M. Grandmont : Donc, vous le
voyez bien, en fait, autant du côté de l'action communautaire autonome que de
la défense collective des droits, c'est un risque majeur qui est devant nous.
Les deux représentants... en fait, là, les deux regroupements réseau vont être
en commission aujourd'hui à 16 h 05, si ma mémoire est bonne donc
dans le cadre du projet de loi n° 7. Ça a été souligné, mais j'ai... quand
même, je veux réinsister là-dessus, à quoi ça... à quoi ça aide à réduire la
bureaucratie, en quoi ça aide à augmenter l'efficacité de l'État que de
fusionner ces deux... ces deux fonds-là? On ne la voit pas, on ne la voit pas,
on ne voit pas la raison derrière, et c'est pour ça qu'on trouve ça très
important de souligner que ces deux entités-là, ces deux fonds-là doivent
rester, demeurer séparés.
On a un modèle particulier au Québec, un
modèle qui fait l'envie de probablement beaucoup de monde à travers la planète.
On a un fonds qui finance l'action communautaire autonome en lui faisant
confiance, en faisant confiance aux travailleuses puis aux travailleurs qui
sont sur le terrain, qui comprennent ce qui se passe sur le terrain, qui
comprennent les gens qui sont, qui sont aidés par les organismes qui sont sur
le terrain avec les autres.

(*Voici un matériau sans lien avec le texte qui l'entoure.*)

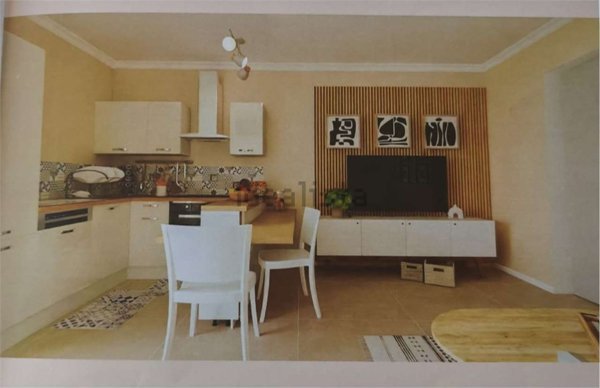 appartamento in vendita a Pianella in zona Cerratina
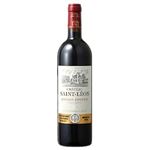 フランス産 シャトー・サンレオン 赤 750ml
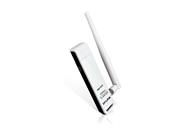 TP-LINK TL-WN722N PLACA RED USB 2.4 GHZ B/G/N C/ANTENA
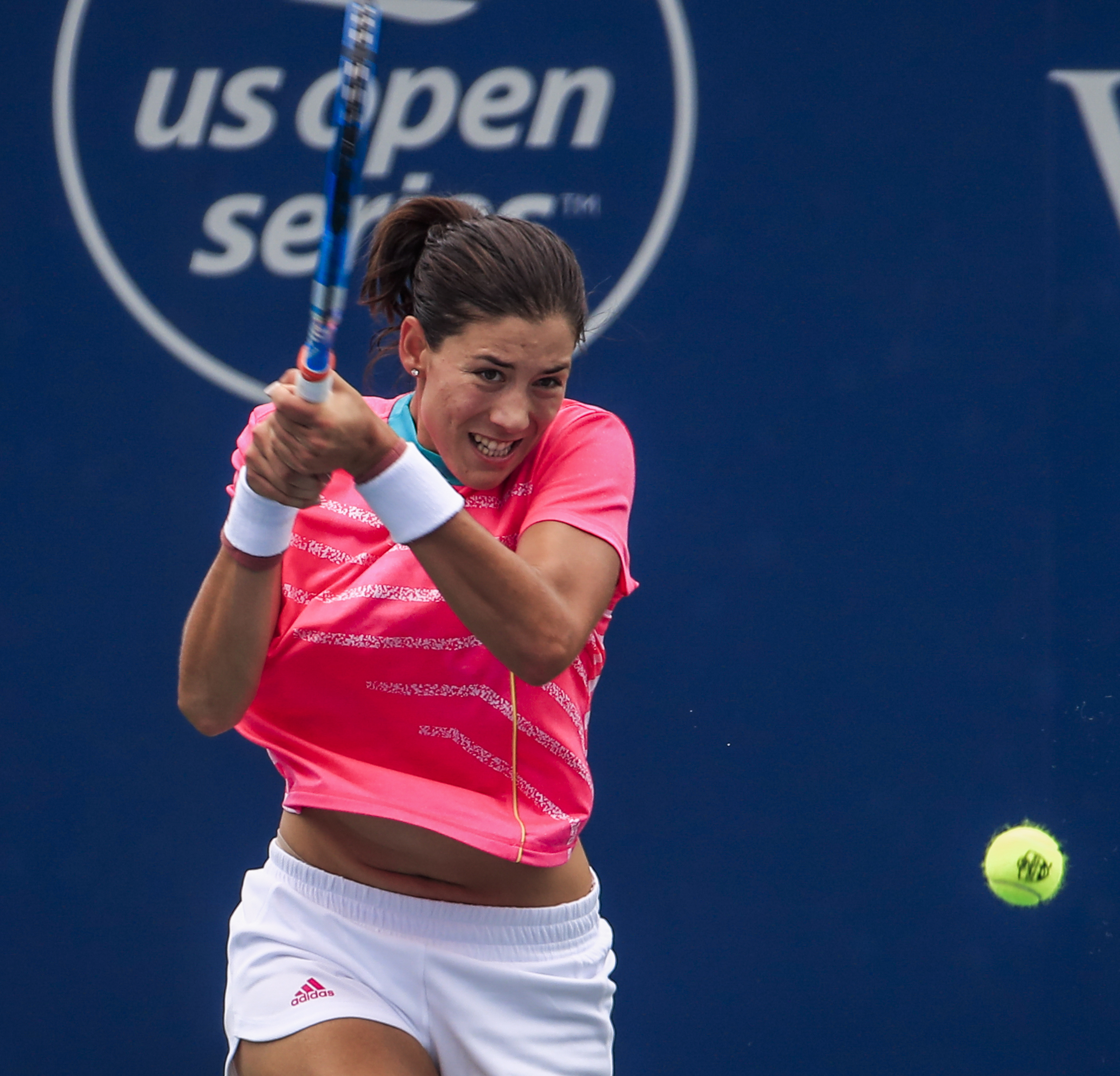 AYX-穆古鲁扎意外战胜巴黎圣日耳曼，重返赛场引爆全场！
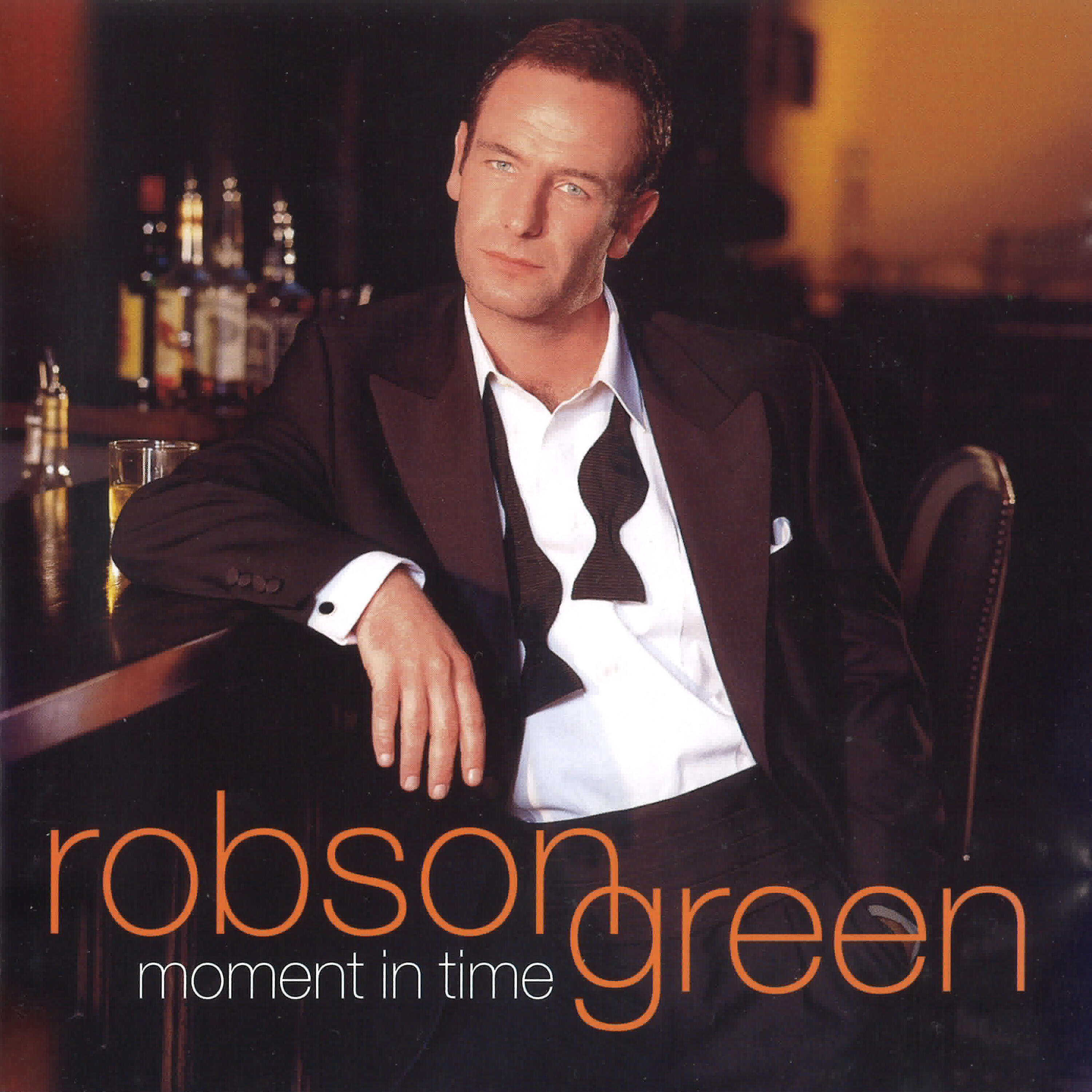 Релиз Moment in Time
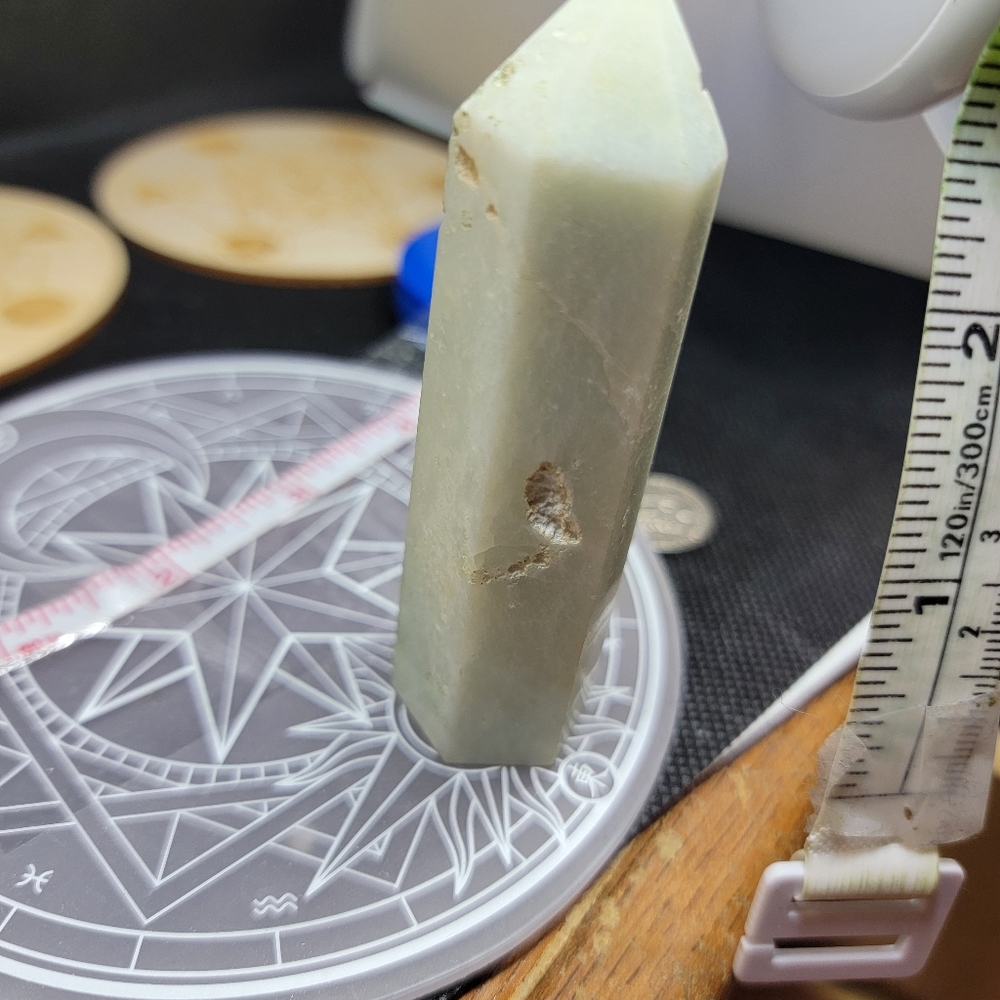 Amazonite Tower - Picture 4 of 5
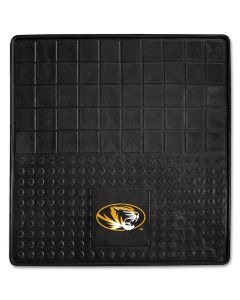 Fanmats ® - University of Missouri Universal Heavy Duty Vinyl Cargo Mat (11368)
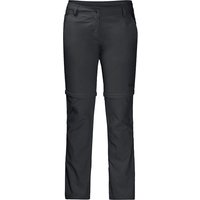 Jack Wolfskin Marrakech Zip Off Pant Phantom von Jack Wolfskin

Mais l'autre côté, on a un fonds aussi qui finance
la défense collective des droits, qui est là pour rappeler au gouvernement ses
obligations au regard des personnes qui sont vulnérables, qui sont
marginalisées. Alors, pour vrai, là, on voit là une grande, grande menace. Un
des aspects très particuliers de l'État québécois dans son fonctionnement
d'avoir un communautaire fort puis un communautaire qui critique l'action
gouvernementale, c'est unique au Québec. Ce qu'on comprend, mon interprétation,
c'est qu'on a un gouvernement qui n'aime pas les contre-pouvoirs, qui ne fait
pas confiance au communautaire, qui veut décider en haut ce qui se passe en
bas, donc un gouvernement qui est très autoritaire et qui refuse les
contre-pouvoirs, et c'est un grave danger pour notre démocratie puis un grave
danger pour l'action communautaire au Québec.
Donc, merci à vous d'être présents
aujourd'hui puis de défendre ces principes-là qui sont fondamentaux pour le
Québec. On va suivre ça avec attention évidemment, dans les jours, dans les
semaines, dans les mois qui viennent, parce qu'on sait que le communautaire est
mobilisé en ce moment, et on va continuer à travailler avec vous autres. Merci.
Le Modérateur
: Merci
beaucoup, tout le monde. C'est ce qui met fin au point de presse.